A £38m package to help ease Worcester’s traffic chaos is being drawn up - including finally dualling part of the notorious Southern Link Road.
But it would not include the A4440’s Carrington Bridge stretch towards Powick, with critics already saying they have major fears it could worsen the bottlenecks at that location.
A new in-house report also reveals:
- Unless multi-millions can be found to improve roads in Worcester, queues will increase a staggering 200 per cent across the city
- During peak morning periods it currently takes over 13 minutes to get from the Powick island to Whittington roundabout, with motorists crawling at 12 miles an hour
- Unless nothing is done, by 2026 congestion on that stretch will rocket up to 40 per cent, meaning it will take 20 minutes, with drivers limping along at eight miles an hour at peak times
- More and more drivers are actively avoiding the Southern Link Road because of its reputation and are going to their destinations via the city centre or residential streets instead, affecting residents, businesses and increasing pollution
- Without major changes, due to new housing growth the performance of the A4440 will “deteriorate markedly” in future years
The Southern Link Road is used by around 30,000 cars per day, with the actual Carrington Bridge structure built in October 1984.
After years of gripes from drivers, the council is now drawing up the £38m plan, which will take four years of work to complete.
The project is being split into two phases, the first of which involves spending £8m on doubling the size of the Ketch roundabout and dualling the road heading towards Norton island, with a slip-road created for drivers turning left off Bath Road towards the M5.
After 12 weeks of public consultation starting next week, work will start in the spring and will take an entire year to finish, by around March 2015.
The council is then aiming to draw up designs for the dualling of Norton roundabout to Whittington island in the winter of 2014/15, with work set to start in the spring of 2016.
It will involve widening the railway structure that cars pass underneath, with the council hoping to “take possession” of it from Network Rail by Christmas 2017 to do the work.
The final phase will also involve the dualling of a remaining section of carriageway between the Norton and Ketch islands.
Of the £38m estimated total cost, the council says it is working on “significant private sector funding” to fund a large chunk of the final phase, as well as taxpayers’ cash.
That includes talks with London-based developer Welbeck Land, which wants to build a £400m, 2,200 home super village on 153 acres of land off Crookbarrow Way, St Peter’s.
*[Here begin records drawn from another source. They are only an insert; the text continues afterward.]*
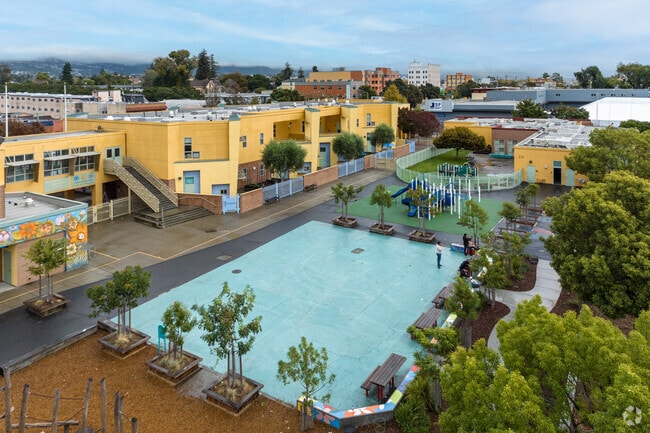 Think College Now School challenges and encourages children to learn.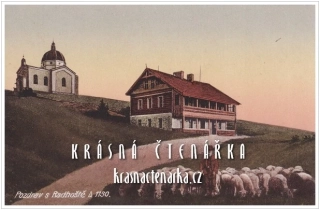 RADHOŠŤ, Kaple sv. Cyrila a Metoděje a útulna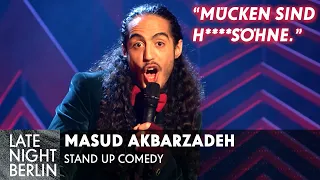 Masud Akbarzadeh - 99% gechillt & 1% Mückenhass | Comedy | Late Night Berlin | ProSieben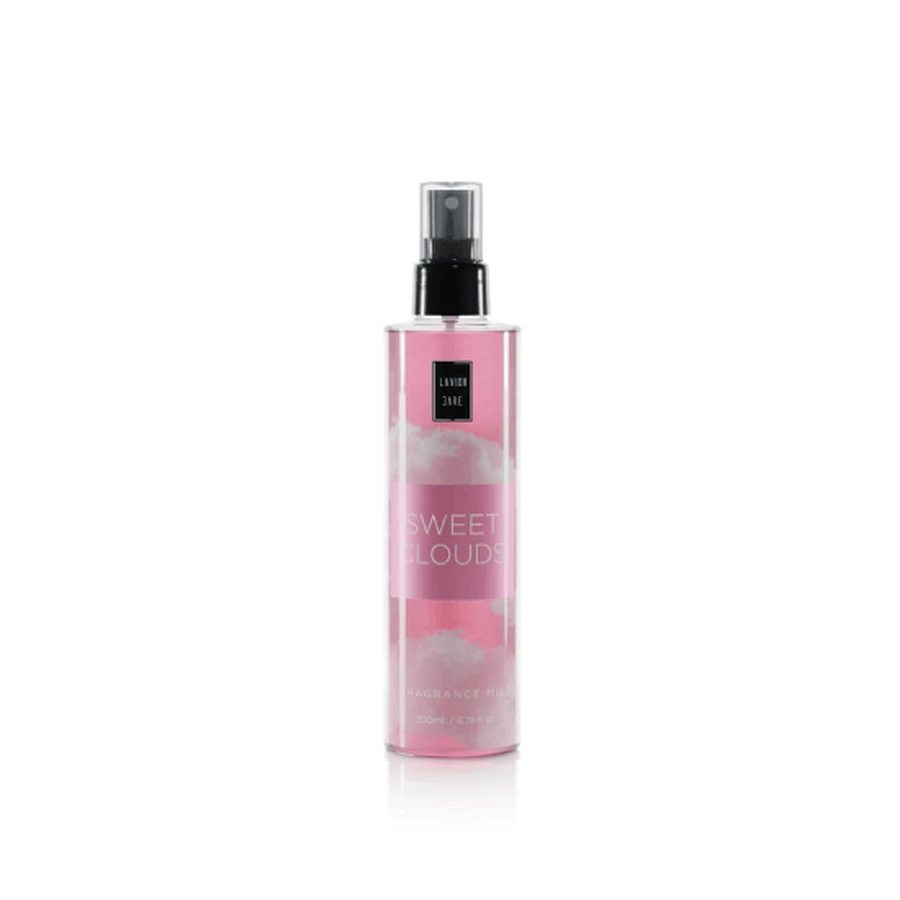 LAVISH CARE Body Mist Sweet Clouds Spray Corporal, 200ml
The Department for Transport has handed over £6m, which the council has added £2m to so the Ketch work can start next year.
FEARS WORK WILL INCREASE CARRINGTON BRIDGE BOTTLENECK
RESIDENTS say they fear the work could worsen congestion down the A4440 Carrington Bridge - and is calling for fresh efforts to get extra investment.
Colin Wells, 51, of Dace Road, St Peter’s says he is concerned easing access down Broomhall Way, just past the Norton island, could make the situation worse.
He said: “Everyone around here knows the bridge is the bottleneck - that’s where the problems are day in, day out - even on Sundays.
“If it gets any worse I just won’t use it. They need to try and do whatever it takes to do the entire route.”
The county council has released a statement saying it “has identified” the problems, insisting “current queuing will be greatly reduced” by the work.
It has yet to reveal what reductions it hopes to achieve.
The main sticking point for the council is the full cost, with estimates suggesting widening or even replacing Carrington Bridge could cost £30 to £40m, although that is a very rough figure.
While the council is confident it can raise the estimated £38m for the part-dualling, mainly down to private backing, doing the last section remains out of reach.
Part of the problem is that Welbeck Land is reluctant to fund any Carrington Bridge work, saying the stretch is an “existing problem”.
The company says by early next year it hopes to be able to agree a funding package with the council for the rest of the project.
Andrew Smith, a director, said: “Considerable progress has been made, we are still working on it but hope to be in a position to finalise it soon.”
Councillor Roger Knight, who represents St Peter’s at the city council, said: “Traffic is bad in that area and will only get worse with the development we all know is going to happen.
“That pinch-point does worry me because unless you do the entire route, you’ll get this problem.”
Councillor Simon Geraghty, county council deputy leader and cabinet member for economy, skills and infrastructure said: “Sitting back and doing nothing is simply not an option, urgent action is needed.”
He added: "This scheme is been talked about for years and any dualling will help the situation.
"We'd like to do it all and that's not off the table at all, but we do need to do it in phases."